Sedation for Anxious Patients
All About Sedation
If you have had negative experiences in the past that have left you afraid of dental procedures or you’ve been lucky enough not to have much experience at all in the dentist’s chair, you might be feeling anxious about an upcoming filling, extraction, or other kind of care.
At Adam Brown DDS, we ensure that our patients fully understand each part of a dental procedure, and that includes sedation. Understanding what’s going to happen before, during, and after any dentist visit will ease anxiety and ensure that the patient know what to expect.
Fear of pain is the number one reason people are afraid to visit the dentist. And while having your teeth worked on won’t necessarily be something you look forward to, it also doesn’t have to be something you fear.
Sedation dentistry helps patients for many different reasons and procedures. Our dentists are trained and qualified to administer sedation, and will discuss your medical history and medications to determine whether you are an appropriate candidate for sedation. Sedation has minimal risks and can make all the difference in whether you experience stress, anxiety, or pain in the dentist’s chair.
If you’re concerned about upcoming dental work or have put off a visit to the dentist due to stress and anxiety, talk to Adam Brown DDS about our sedation practices.
How does sedation work?
You may have seen the viral social media videos of post-dental procedure patients giggling, professing their love, and weeping at the sight of their beloved pets welcoming them home from the dentist, but don’t get too excited. Many sedation techniques used in the office are not as powerful as those needed for more major, extensive dental procedures. Your reaction to sedation most likely will not be as dramatic.
Sedation uses medications to relax patients during a dental procedure or visit. There are different levels of sedation (minimal, moderate, deep, and general anesthesia). Patients may experience a feeling of being slightly relaxed to more peaceful and drowsy to full unconsciousness. General anesthesia is done in an outpatient, surgical center, or hospital type of environment.
When is it used?
Sedation isn’t just for major dental procedures; it can be used for anything from a teeth cleaning to a filling. Sedation may be used for patients:
• With a low pain tolerance
• Who have Anxiety in the dentist’s chair
• With sensitive teeth
• With a bad gag reflex
• Who need a large amount of dental work
Children can receive sedation and typically receive nitrous oxide (laughing gas). They can also be administered oral sedation based on a recommended dose by age and weight.
What are the options?
Nitrous oxide, or laughing gas, is given to patients through a rubber face mask. This is one of the most common forms of sedation at a dentist, and the effects wear off very quickly in comparison to other forms of dental sedation. This is the only method where patients can drive following the procedure.
Oral sedation can range in its power from minimal to moderate, depending on the dose given. Patients will take a pill about an hour before the procedure, causing drowsiness.

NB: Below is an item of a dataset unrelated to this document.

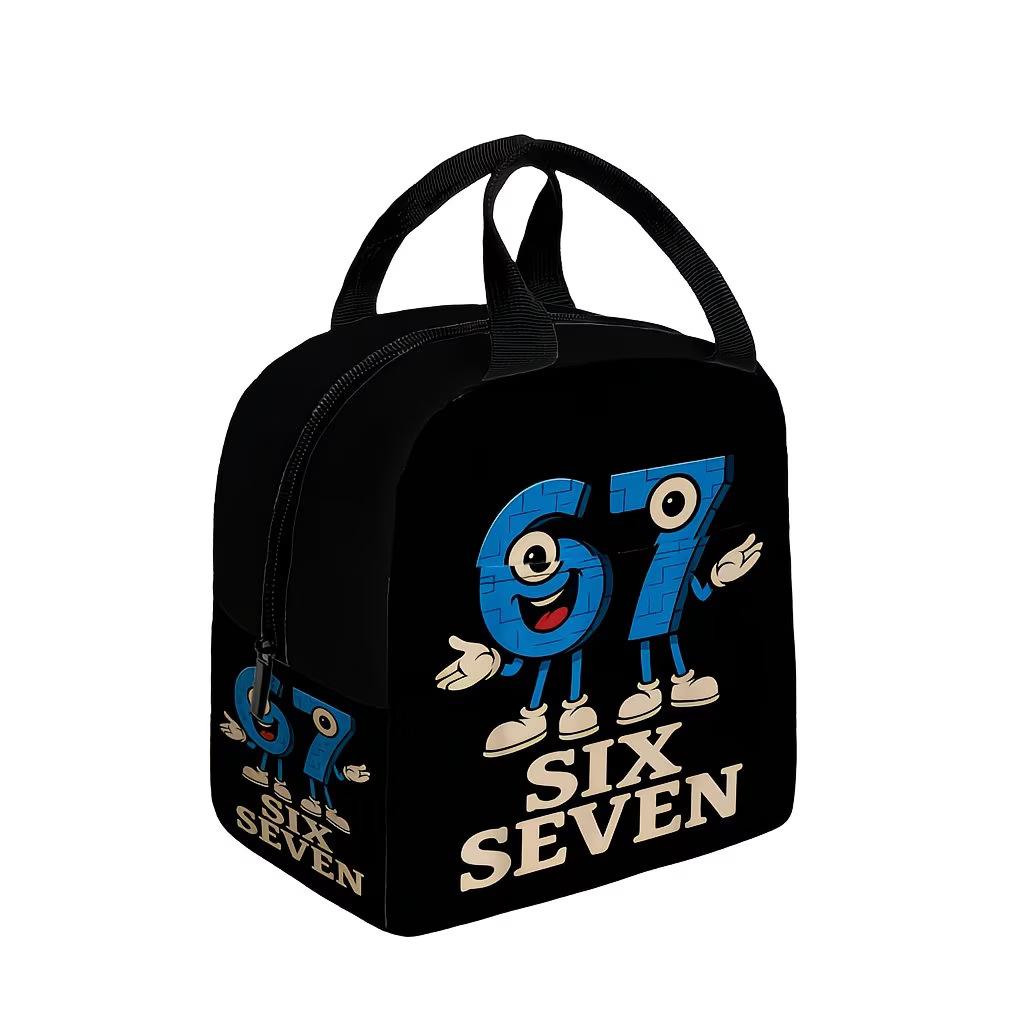 Portable Bento Bag Cartoon Thermal Insulation Bag Aluminum Foil Lunch Bag Student Bento Bag Thickened Thermal Insulation Lunch Box Bag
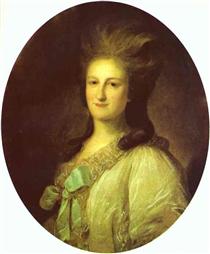 Portrait of Varvara Ermolayevna-Novosiltseva - Fedor Rokotov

Topical anesthetics (gels)
What’s significantly less frightening than the pinch of a needle? A simple cotton swab coated in topical anesthetic is commonly used to reduce sensation in the mouth or gums. Often, this kind of gel is used prior to an injection so that patients feel less when receiving injections for local anesthetic.
Intravenous (IV) sedation
Intravenous sedation requires an injection into the vein of a patient’s hand or arm. The patient will become very relaxed, but awake for the procedure. This type of sedation is most often used for extensive dental procedures or extremely anxious patients. Patients’ oxygen levels and other vital signs are measured with this type of sedation. This is a very quick-working sedation technique, which the dentist can adjust throughout the procedure.
Deep sedation/General anesthesia
This is the only method that makes a patient almost unconscious or entirely asleep. A patient cannot be easily awakened until the anesthesia wears off or its effects are reversed with medication.
Do I need a driver?
Whether you need a driver to take you home after receiving any type of sedation varies, depending on the type of sedation and procedure. Your dentist will tell you prior to the procedure whether you will need a driver and how long you should anticipate feeling the effects of sedation. Having a ride home is never a bad thing.
How else can I cope with stress at the dental office?
There are some easy ways to make yourself more comfortable in the dental chair.
• Wear clothes that feel good and that aren’t too difficult to get over your head in the event that your mouth is sore.
• Bring your own music. Whether it’s Beethoven, AC/DC, Justin Bieber, or an audiobook you know what you like. Load up some tunes on your smartphone and put on your headphones.
• Keep your hands busy. A squeeze ball, worry stone, or stuffed animal is great to hold.
• Breathe in deep. A few drops of lavender essential oil goes a long way. Put a drop behind each ear and, if the smells at the dentist’s office bother you, place a drop just under the tip of your nose.